The amount of power that can be generated from the surface area of a car is pretty small compared to how much a car consumes. And the cost hasn't been low enough compared to the value of the electricity it could produce.
Maybe someday the price will get so low it will be a no-brainer.
> Maybe someday the price will get so low it will be a no-brainer.
The cost of solar panels is already low, that's why it's booming. This cost isn't the main constraint any more.
Panels on a vehicle have stronger requirements for low weight, and vibration tolerance than those on a fixed structure. They contribute to the complexity of the vehicle's power systems. They have to be designed with vehicle aerodynamics in mind.
And of course the limited surface area means that you do all of that, for a component that's it's barely able to keep the vehicles' aircon running. The physics of that will remain the same. Even of the total costs are low (and factors such as the vehicle weighing more are an unavoidable cost), the benefits are lower.
At any price point, including free solar panels, there are good arguments to put the panels on a fixed structure instead.
So maybe it will happen when we have run out of non-moving surfaces to put the panels on. i.e. don't hold your breath.
Aptera has this planned but not sure if they ever reach market maturity.
There also was a project car from the Nordics I think. Can't recall the name though.
Main problem is the large amount of energy a car needs vs what kind of surface area you have and efficiency we get.
An ideal (100% effiwncy) solar cell of 5m² would still need 20 hours to charge a 100kWh battery. And we are way off on area an efficiency in reality.
Well but that would be a problem for keeping the car infinitely running with only solar power. But what about just passively charging it while idle? Cars sit idle most of the time.
> Aptera has this planned but not sure if they ever reach market maturity.
Yes, Aptera does not have a shipping product, and if they ship the current design it might not have a large market for it. The have been promising delivery for a long time now, so it certainly looks a lot like vapourware.
you get too little energy vs the cost of integrating it. It gets worse considering as a driver you want to park your car in shade/garage/multistory parkings
There was a production car planned called the Lightyear One [0], originating from a Dutch student team, but if I recall correctly it was quite difficult and expensive to manufacture.
[0] https://en.wikipedia.org/wiki/Lightyear_0
> but if I recall correctly it was quite difficult and expensive to manufacture
More importantly, seems they stopped manufacture it because they made a new version, that was supposed to be available in 2025, but I don't think I've seen it anywhere.
> However, in January 2023 Lightyear announced that it was halting production of the 0 model, redirecting their efforts towards production of Lightyear 2; Atlas Technologies B.V., the subsidiary responsible for the manufacture of the Lightyear 0, would be allowed to go bankrupt.

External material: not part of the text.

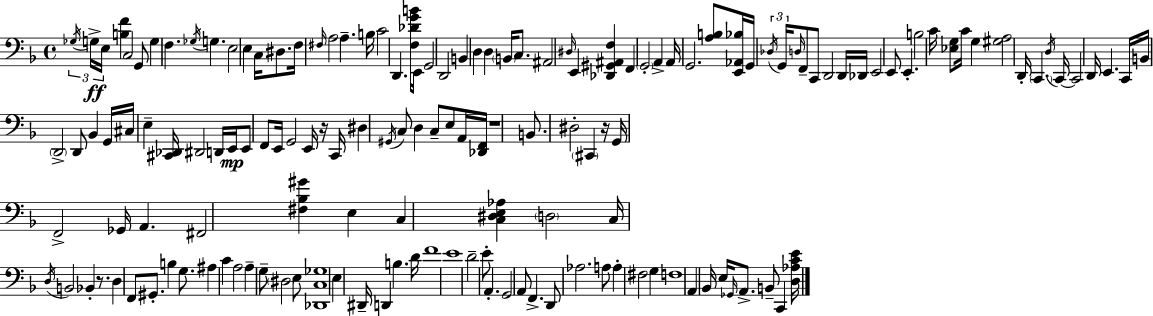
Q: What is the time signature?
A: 4/4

As of 2023, the replacement, Lightyear 2, is slated to be US$40,000 and available in both Europe and North America, and to start production in 2025.

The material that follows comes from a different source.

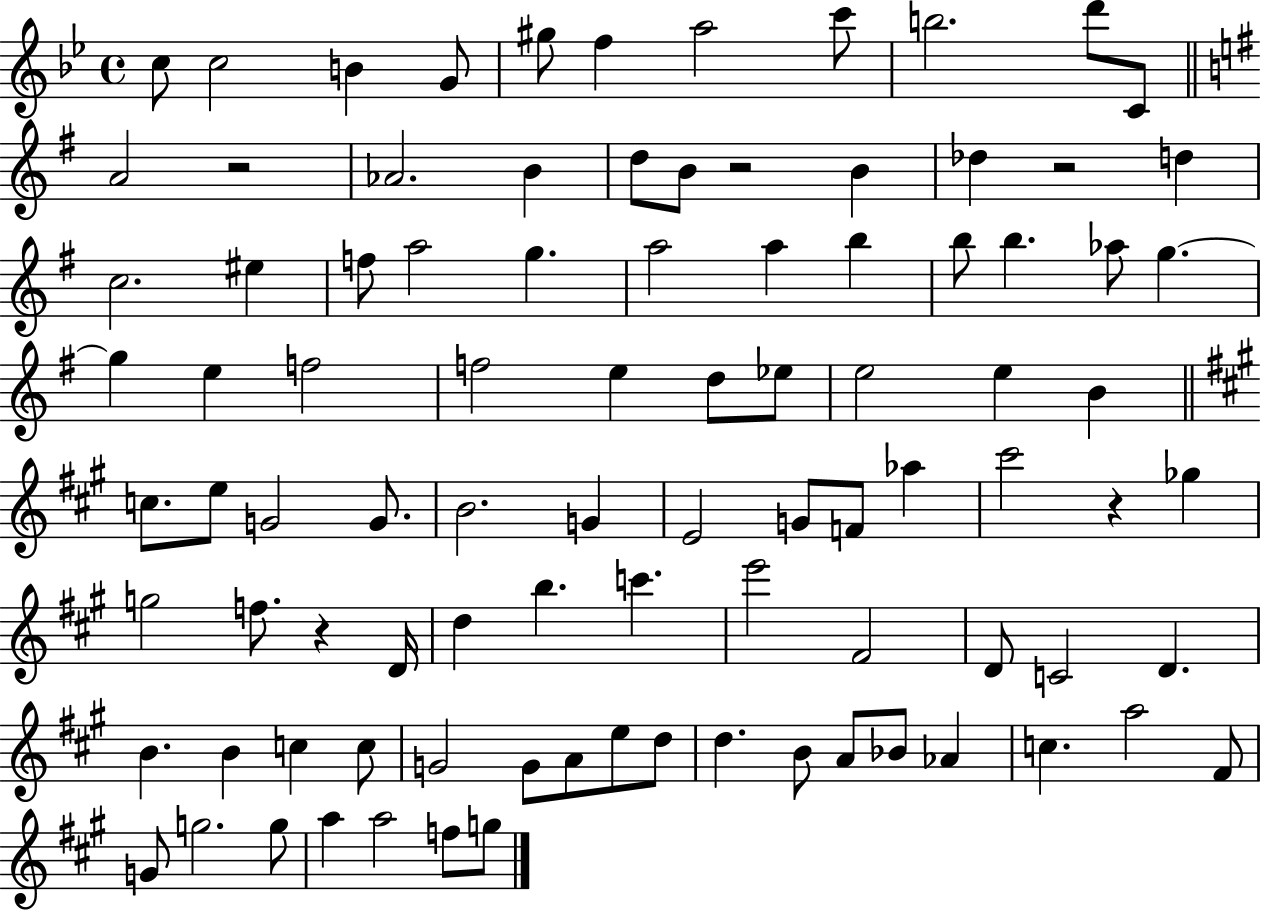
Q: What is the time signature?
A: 4/4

> Might be a noob question, but why can't EVs have solar panels on them directly
This is 100% a very common noob question. The answers are therefor easy to find if you try.
https://www.dartsolar.com/ https://www.reddit.com/r/TeslaLounge/comments/194ajsm/my_tes...
He came up with a design where the panels can can unfolded for a larger surface area. But you can only do that when the car is at rest. And it's permanently like having a loaded roof-rack. Its's still less practical than mounting solar panels on the roof of a house or other fixed structure.